Today The Ernest Press has some 50 books in its catalogue – a good many of an esoteric nature that few, other publishers would touch. Top of that list must be Charles Lind's An Afterclap of Fate: Mallory on Everest, a haunting prose-poem in the imagined voice of George Mallory. It has not sold 1,000 copies but won the prestigious Boardman Tasker Award for Mountain Literature in 2006. Hodgkiss has also championed the novelist Roger Hubank. Climbing novels are a gamble, but Hubank's Hazard's Way won the BT and the Grand Prize at the Banff Mountain Literature in 2001. Four Ernest Press titles have won the BT and others have been shortlisted.
I first spoke to Peter Hodgkiss in January 1997 before interviewing the critic Janet Adam Smith. Hodgkiss had enjoyed a long correspondence with Adam Smith and had just republished her engaging Mountain Holidays (1946). He warned me to keep my wits about me. Although in her nineties, this grande dame of the Alpine Club had an incisive mind and was a stickler for facts and grammar. And so was Hodgkiss, as I was to discover five years later when I was persuaded to become editor of the Alpine Journal.
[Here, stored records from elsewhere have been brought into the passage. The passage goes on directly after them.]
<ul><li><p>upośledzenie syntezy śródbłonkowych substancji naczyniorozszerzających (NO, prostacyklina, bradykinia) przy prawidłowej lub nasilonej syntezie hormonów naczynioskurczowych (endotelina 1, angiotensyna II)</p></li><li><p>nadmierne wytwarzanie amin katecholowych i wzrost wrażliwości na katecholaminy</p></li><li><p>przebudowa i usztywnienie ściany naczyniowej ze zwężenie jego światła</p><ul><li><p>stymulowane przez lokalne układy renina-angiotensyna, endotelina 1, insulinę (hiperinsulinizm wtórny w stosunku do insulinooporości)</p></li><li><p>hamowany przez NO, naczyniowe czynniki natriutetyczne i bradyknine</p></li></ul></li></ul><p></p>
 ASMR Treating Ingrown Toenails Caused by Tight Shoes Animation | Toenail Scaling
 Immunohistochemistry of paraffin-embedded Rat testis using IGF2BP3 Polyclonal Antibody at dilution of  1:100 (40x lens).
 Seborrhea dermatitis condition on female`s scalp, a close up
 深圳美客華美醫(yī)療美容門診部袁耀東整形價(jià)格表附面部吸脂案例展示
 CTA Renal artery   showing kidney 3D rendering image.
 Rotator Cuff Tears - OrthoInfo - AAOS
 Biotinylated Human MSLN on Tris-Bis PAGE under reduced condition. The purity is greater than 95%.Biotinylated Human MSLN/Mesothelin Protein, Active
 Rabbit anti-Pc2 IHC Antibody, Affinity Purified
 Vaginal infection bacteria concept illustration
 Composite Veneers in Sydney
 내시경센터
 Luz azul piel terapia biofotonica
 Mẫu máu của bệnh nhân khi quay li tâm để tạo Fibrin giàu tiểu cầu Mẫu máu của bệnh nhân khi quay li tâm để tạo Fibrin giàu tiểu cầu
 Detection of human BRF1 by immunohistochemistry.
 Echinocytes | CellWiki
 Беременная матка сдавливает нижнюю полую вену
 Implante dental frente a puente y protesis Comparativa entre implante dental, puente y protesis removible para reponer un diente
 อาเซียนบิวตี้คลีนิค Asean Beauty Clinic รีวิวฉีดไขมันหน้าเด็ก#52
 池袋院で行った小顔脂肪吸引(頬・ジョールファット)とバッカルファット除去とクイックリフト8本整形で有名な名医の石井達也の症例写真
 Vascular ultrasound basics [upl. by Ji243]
Peter had been elected to the Alpine Club in 1988 and in 1993 the Ernest Press became joint publisher with the club of the AJ, an annual 450-page book of essays on climbing trips, mountain environment and cultures, reviews and more. It is the oldest mountain journal in the world, dating back to 1863; Hodgkiss gave freely of his time to ensure that the AJ looked its best. We spent countless hours on the phone, digressing from production headaches to recent climbs or books old and new. Had I read René Daumal's novel Mount Analogue? (A metaphysical adventure.) "Oh you must." And two days later it arrived in the post.
Our last meeting was at his home six days before he died. Despite cancer he remained erect and dignified, insisting that we talk in his office, business as usual rather than retiring to the sitting room. "Growing old isn't for softies," he would say when asked how he felt. Peter Hodgkiss was never a softie, and he was involved with production of the Alpine Journal until his final days.
Peter Hodgkiss, printer, publisher and mountaineer: born Leeds 7 May 1936; married 1959 Joy Pycock (two daughters, two sons); died Glasgow 31 January 2010.